Southwest Georgia Financial Corporation (NYSEMKT:SGB), the parent company of Southwest Georgia Bank, has announced that its board of directors has approved a 10% increase in its quarterly cash dividend.

The shareholders of the common stock will receive a quarterly cash dividend of $0.11 per common share, compared with $0.10 per common share paid each quarter since the previous increase in March 2015.  The company has approximately 2.5 million shares of common stock outstanding. (Source: “Southwest Georgia Financial Corporation Increases Quarterly Cash Dividend 10%,” GlobeNewswire, August 24, 2016.)

Southwest Georgia Financial Corporation, headquartered in Moultrie, Georgia, is a state-chartered bank holding company with approximately $422 million in assets.  Its primary subsidiary, Southwest Georgia Bank, offers financial services to consumer, business, and government customers.

Southwest Georgia Financial reported last month that its second quarter profit rose 17%, or $0.40 per diluted share, compared to $0.34 per diluted share a year ago, mainly led by an improvement in net interest income, loan growth, and pricing discipline on deposits. (Source: “Southwest Georgia Financial Corporation Reports 17% Increase in Net Income for the 2016 Second Quarter,” News Release, Southwest Georgia Financial Corp., July 21, 2016).

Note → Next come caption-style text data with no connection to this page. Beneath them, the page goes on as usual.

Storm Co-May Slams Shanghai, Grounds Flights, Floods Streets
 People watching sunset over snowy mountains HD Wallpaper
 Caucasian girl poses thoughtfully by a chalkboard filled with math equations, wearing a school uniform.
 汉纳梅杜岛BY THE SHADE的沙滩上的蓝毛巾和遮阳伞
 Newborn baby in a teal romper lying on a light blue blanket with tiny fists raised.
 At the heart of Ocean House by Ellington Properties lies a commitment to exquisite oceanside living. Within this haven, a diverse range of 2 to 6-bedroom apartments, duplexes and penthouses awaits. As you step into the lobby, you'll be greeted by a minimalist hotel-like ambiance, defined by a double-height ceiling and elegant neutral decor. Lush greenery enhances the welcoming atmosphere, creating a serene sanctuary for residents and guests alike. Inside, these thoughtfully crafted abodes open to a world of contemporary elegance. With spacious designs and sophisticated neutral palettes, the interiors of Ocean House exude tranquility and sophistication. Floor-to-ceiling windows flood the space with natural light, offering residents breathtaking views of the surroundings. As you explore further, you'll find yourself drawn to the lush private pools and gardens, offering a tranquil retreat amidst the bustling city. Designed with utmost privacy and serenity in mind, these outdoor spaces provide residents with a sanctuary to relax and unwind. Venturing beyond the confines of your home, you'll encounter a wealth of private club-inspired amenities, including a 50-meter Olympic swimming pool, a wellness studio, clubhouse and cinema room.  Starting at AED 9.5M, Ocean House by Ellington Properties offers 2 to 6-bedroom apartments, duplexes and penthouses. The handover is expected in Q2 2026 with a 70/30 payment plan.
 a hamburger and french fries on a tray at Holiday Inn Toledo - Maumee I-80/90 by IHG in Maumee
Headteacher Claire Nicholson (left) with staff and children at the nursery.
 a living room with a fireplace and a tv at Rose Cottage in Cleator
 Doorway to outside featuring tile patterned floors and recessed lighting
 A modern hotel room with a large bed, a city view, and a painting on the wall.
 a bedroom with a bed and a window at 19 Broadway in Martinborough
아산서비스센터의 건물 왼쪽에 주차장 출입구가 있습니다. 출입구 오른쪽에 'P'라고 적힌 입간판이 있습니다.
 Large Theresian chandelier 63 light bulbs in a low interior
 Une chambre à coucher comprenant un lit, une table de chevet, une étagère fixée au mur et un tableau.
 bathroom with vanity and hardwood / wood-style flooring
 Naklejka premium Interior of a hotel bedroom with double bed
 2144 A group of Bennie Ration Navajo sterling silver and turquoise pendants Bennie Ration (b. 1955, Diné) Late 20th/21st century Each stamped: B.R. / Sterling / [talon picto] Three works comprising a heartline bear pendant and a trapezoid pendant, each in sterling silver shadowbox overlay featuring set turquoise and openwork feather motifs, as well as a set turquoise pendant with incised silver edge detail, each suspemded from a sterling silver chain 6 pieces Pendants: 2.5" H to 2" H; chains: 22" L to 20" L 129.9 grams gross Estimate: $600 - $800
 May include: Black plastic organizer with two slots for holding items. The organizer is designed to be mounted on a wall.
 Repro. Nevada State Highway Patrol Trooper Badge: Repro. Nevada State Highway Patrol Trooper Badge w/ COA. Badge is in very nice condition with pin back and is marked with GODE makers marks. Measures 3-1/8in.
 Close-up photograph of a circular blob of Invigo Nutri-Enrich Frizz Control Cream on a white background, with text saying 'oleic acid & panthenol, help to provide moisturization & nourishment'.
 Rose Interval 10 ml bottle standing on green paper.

“Investments in expanding our footprint and deepening relationships in the communities we serve are paying off,” said DeWitt Drew, president and CEO of Southwest Georgia Financial Corporation. “The results from our expansion in the Valdosta market are very favorable with a significant portion of the loan growth coming from this market. We are also seeing favorable results from our recent entry into the Tifton market.” (Source: Ibid.)

The lender said its total assets rose eight percent to $422 million by June 30, from $391 million in the same period last year.

Total loans surged 22% to $288 million from the second quarter of 2015 and were up over 14% from year-end 2015.

“Looking to the rest of 2016, we are in an excellent position to continue to build on our strong franchise and win greater customer share in our markets,” Drew said. (Source:Ibid.)